And that's where comparisons to the populist uprisings in our presidential election cycle appear to match. The Brexit vote, after all, was foolishly initiated by the soon-to-be-former Prime Minister David Cameron, sure of a "Remain" majority, as a way to quell a division in his party. In the U.S, elites, so used to getting their way that dynastic families vie for leadership, lost control this year on the Republican side and nearly lost control on the Democratic side. The fallout will play out for years. Britain's insurgent voters, 52 percent to 48 percent, brought fresh appraisals of Donald Trump's candidacy just as his campaign seemed mired in problems.
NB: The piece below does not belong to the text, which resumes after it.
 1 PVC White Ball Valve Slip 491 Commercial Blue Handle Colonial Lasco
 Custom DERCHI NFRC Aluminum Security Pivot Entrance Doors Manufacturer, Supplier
Once again, the sudden "What does this mean?" discussion reveals how out of touch the so-called experts are this year. The Brexit vote hasn't changed what's happened here except bring increased attention to Mr. Trump, who naturally sees a connection to his own presumptive nomination.

Mr. Trump, as usual, showed up in all the right places at the right times, saying all the necessary things in fueling media coverage. Bizarrely, or perhaps not, he left the campaign trail to fly to his reopened Trump Turnberry Resort in Scotland, where he gave a press conference from the 9th tee, lifting his political gamesmanship to an international level. Wearing his trademark "Make America Great Again" hat ("Made Turnberry Great Again" hats were also in evidence) and against a backdrop of bagpipers, tartans, heather and ocean, he laid into President Obama for daring to set foot on British soil to encourage the Brits to remain in the E.U. "People want to see borders," Mr. Trump said. "They don't necessarily want people pouring into their country that they don't know who they are and where they come from."

Which in a not-so-round-about way brings at least part of the Brexit issue back to the U.S. role in the Middle East mess. Created by the Bush administration's misbegotten invasion of Iraq, exacerbated by the vacuum created by the Obama administration's anxiousness get out and then the refusal to act decisively in Syria, U.S. action and inaction helped unleash the flood of migrants that flooded Europe. A butterfly effect, if you will, that helped fuel a humanitarian catastrophe and stressed the EU. The repercussions will rebound with Britain, the EU, around the globe and in the presidential run.